[429] "It is, I think, an error to assume that elimination of the school and immigration questions will mean complete restoration of the former Japanese-American entente. This never can be restored in the shape which it previously assumed. Conditions never will revert to the situation which gave it vitality. It is perhaps not going too far to say that relations of America and Japan are only now becoming serious, in the sense that they directly include propositions about which modern nations will, upon due provocation, go to war.... The genesis of a collision between Japan and the United States of America, if it ever occurs, will be found in conditions on the mainland of Asia." (The Far Eastern Question, by T. F. Millard (T. Fisher Unwin, 1909), pp. 60-61.)
[430] The question was asked by Captain Murray, M.P., and answered by Mr. McKinnon Wood, in September 1909.
[431] The "Mackay" Commercial Treaty between Great Britain and China was signed at Shanghai on September 5, 1902. Likin is an internal tax on merchandise in transit.
[432] A good general view of the nature of the grave difficulties that stand in the way of currency reform may be gained from a perusal of H. B. Morse's The Trade and Administration of the Chinese Empire (Shanghai, 1908). See especially pp. 166-9. Another recent work well worth consulting is T. F. Millard's The Far Eastern Question (T. Fisher Unwin, 1909), pp. 316 seq.
[433] Asiatic Studies (Second Series, 2nd ed.), pp. 374-5, 376-7.

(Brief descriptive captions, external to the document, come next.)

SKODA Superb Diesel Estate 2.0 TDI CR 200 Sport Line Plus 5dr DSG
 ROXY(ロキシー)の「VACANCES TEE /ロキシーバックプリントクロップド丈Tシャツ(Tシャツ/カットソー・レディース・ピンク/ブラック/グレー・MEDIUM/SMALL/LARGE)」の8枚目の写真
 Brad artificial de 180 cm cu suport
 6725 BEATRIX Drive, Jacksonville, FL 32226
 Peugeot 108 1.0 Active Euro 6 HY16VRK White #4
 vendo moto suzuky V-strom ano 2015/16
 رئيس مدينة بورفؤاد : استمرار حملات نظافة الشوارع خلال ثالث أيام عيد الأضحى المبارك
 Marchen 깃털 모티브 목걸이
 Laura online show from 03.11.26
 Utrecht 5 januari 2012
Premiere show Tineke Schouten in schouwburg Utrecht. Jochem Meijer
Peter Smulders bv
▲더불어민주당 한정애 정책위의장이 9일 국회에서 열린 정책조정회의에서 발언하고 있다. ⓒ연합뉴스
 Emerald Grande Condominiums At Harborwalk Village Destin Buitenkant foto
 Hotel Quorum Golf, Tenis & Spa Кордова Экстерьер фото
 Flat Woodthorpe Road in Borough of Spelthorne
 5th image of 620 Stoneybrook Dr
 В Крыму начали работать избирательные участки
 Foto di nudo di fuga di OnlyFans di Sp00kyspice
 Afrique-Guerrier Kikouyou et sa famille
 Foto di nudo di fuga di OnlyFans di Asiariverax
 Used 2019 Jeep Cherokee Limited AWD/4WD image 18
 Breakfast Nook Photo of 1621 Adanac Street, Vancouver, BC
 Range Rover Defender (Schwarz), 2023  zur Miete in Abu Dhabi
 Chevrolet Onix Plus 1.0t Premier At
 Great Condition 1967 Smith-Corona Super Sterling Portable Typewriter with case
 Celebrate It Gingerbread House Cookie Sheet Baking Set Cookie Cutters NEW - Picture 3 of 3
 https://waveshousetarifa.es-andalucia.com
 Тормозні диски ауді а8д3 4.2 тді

[434] The following remarks by Lafcadio Hearn on the question of the admission of foreign capital into Japan are not inapposite. "It appears to me that any person comprehending, even in the vaguest way, the nature of money-power and the average conditions of life throughout Japan, must recognise the certainty that foreign capital, with right of land-tenure, would find means to control legislation, to control government, and to bring about a state of affairs that would result in the practical domination of the Empire by alien interests.... Japan has incomparably more to fear from English or American capital than from Russian battleships and bayonets." (Japan: An Interpretation, p. 510.) Urgent economic considerations have, of course, compelled Japan not only to admit foreign capital in enormous amounts, but even to make heavy sacrifices in order to obtain it: but if any other course had been open to her she would gladly have adopted it.
[435] Article xii. of the Mackay Treaty reads thus: "China having expressed a strong desire to reform her judicial system and to bring it into accord with that of Western nations, Great Britain agrees to give every assistance to such reform, and she will also be prepared to relinquish her extra-territorial rights when she is satisfied that the state of the Chinese laws, the arrangement for their administration, and other considerations warrant her doing so."